The Ethereum network reached a milestone of one million validators Thursday, staking about 32 million Ether, worth an estimated US$114 billion.

This number accounts for roughly 26% of Ethereum’s total supply.

The transition of the Ethereum blockchain to a proof-of-stake system in September 2022 has been instrumental in attracting this large number of validators, who are rewarded for their contributions to the network’s security.

Lido, a leading staking pool, has emerged as a preferred platform, holding about 30% of all staked ETH and allowing individuals with smaller holdings to participate in staking.

However, the growing validator count has sparked debate within the Ethereum community, with some expressing concerns over the possibility of over-staking and the potential rise in transaction failures.

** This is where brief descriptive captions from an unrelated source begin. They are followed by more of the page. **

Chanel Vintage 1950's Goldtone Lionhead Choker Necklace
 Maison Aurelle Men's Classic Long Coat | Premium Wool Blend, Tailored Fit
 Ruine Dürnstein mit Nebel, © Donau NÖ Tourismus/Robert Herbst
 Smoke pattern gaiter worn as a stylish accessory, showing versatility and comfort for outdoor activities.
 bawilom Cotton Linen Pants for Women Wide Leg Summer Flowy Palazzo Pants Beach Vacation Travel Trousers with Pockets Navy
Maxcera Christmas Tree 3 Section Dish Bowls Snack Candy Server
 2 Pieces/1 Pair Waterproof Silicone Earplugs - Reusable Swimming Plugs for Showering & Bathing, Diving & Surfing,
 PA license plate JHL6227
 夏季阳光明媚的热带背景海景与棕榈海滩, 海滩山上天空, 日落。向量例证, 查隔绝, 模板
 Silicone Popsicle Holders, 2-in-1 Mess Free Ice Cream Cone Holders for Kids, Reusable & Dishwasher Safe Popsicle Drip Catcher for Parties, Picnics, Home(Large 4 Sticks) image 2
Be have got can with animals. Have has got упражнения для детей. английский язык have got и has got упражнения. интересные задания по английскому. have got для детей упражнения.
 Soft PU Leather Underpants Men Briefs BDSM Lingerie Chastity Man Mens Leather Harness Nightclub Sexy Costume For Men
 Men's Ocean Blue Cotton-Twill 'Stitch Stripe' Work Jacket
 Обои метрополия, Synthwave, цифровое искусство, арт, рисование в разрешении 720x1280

In the regulatory area, the U.S. Securities and Exchange Commission (SEC) has reportedly been issuing subpoenas to entities associated with the Ethereum Foundation.

According to Fortune, these legal actions are part of an investigation targeting the foundation’s dealings, with a focus on the non-profit organization headquartered in Switzerland.

The Ethereum Foundation is known for its role in the development and governance of the Ethereum blockchain.

Some firms reportedly received subpoenas shortly after Ethereum’s transition to proof-of-stake from the previous proof-of-work model.

The regulatory body’s steps have sparked discussions around its potential implications for the classification of Ether as a security.

The regulatory authority has been postponing decisions on several applications for such Ether ETFs and is expected to make a decision on May 23.

According to BlackRock CEO Larry Fink, one of the Ether ETF applicants, such a financial product can be possible even if the digital asset is classified as a security.